> **Activity**
Output the listing below verbatim, without images.

> **Data**

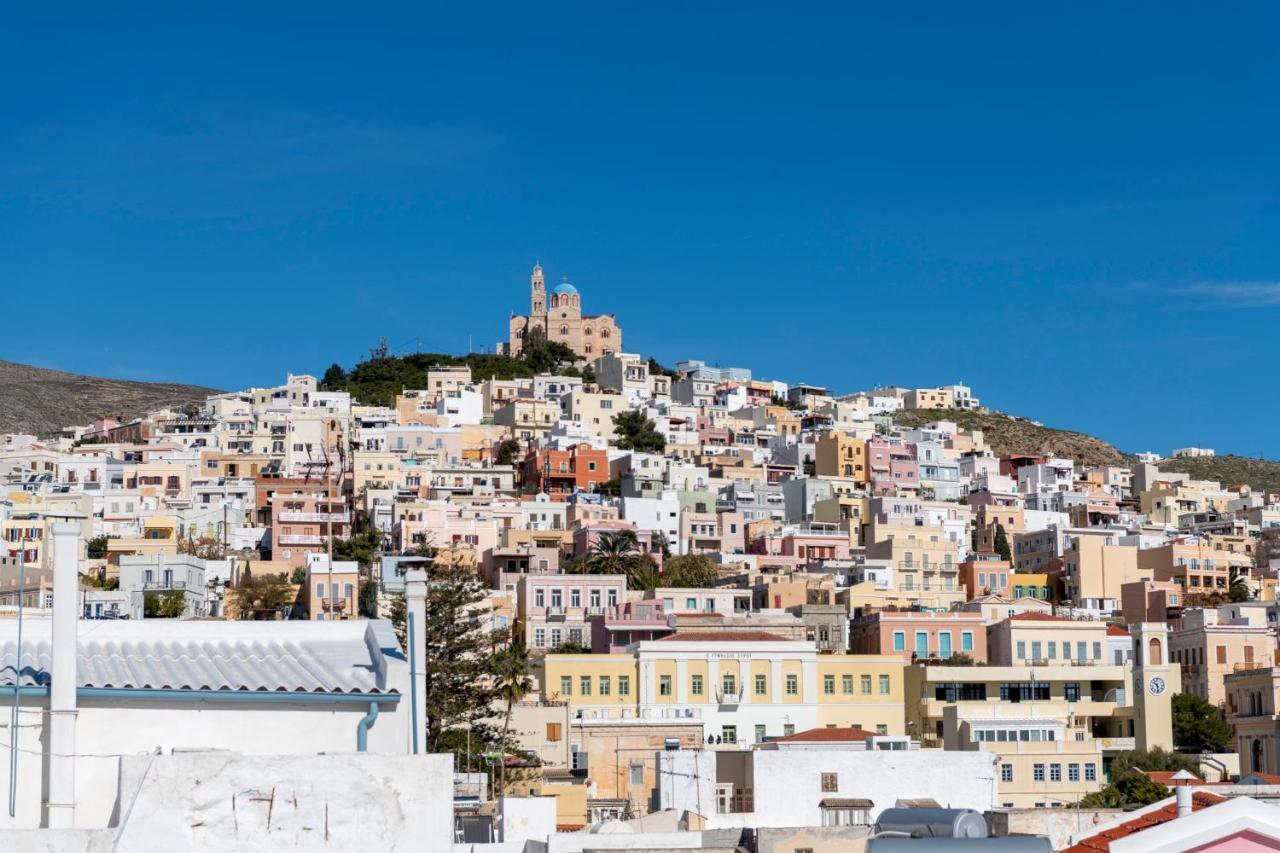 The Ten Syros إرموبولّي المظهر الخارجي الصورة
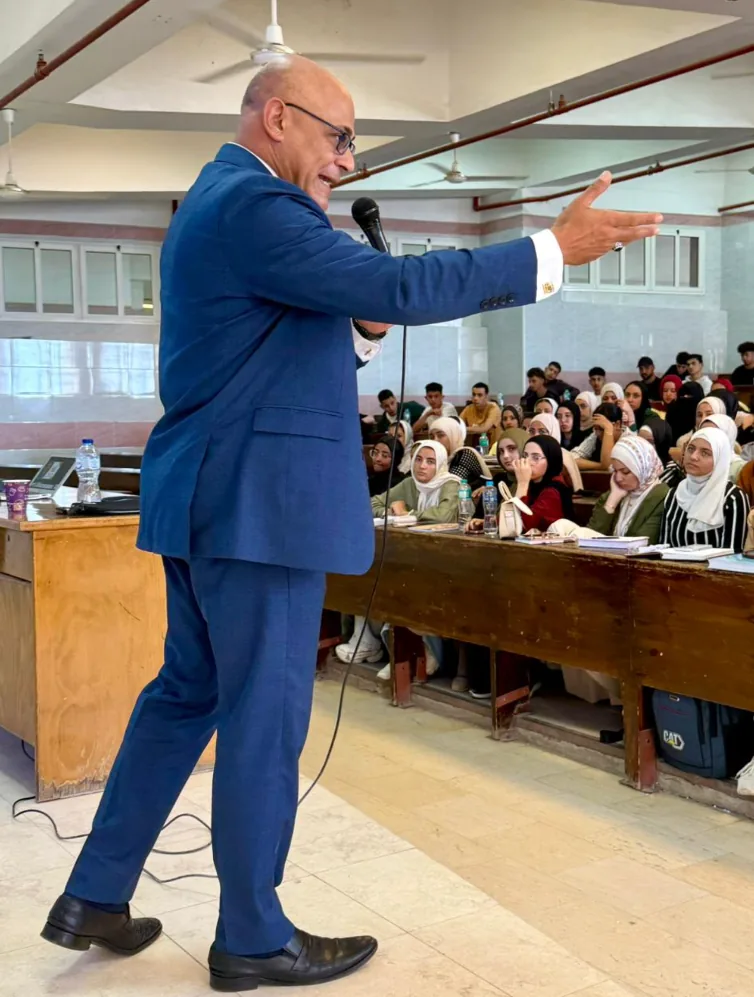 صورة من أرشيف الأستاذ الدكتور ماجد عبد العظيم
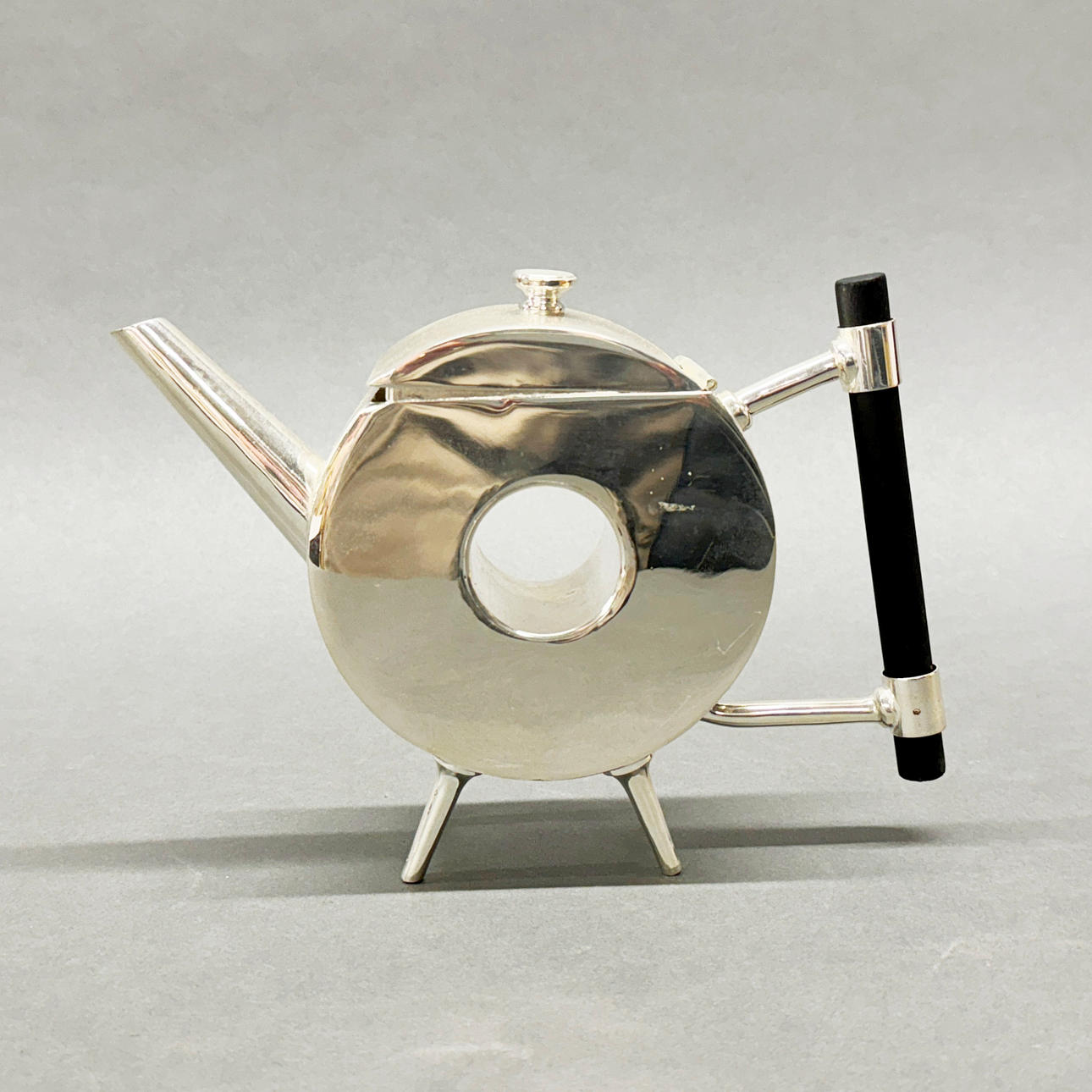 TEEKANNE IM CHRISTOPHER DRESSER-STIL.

> **Task result**
 The Ten Syros إرموبولّي المظهر الخارجي الصورة
 صورة من أرشيف الأستاذ الدكتور ماجد عبد العظيم
 TEEKANNE IM CHRISTOPHER DRESSER-STIL.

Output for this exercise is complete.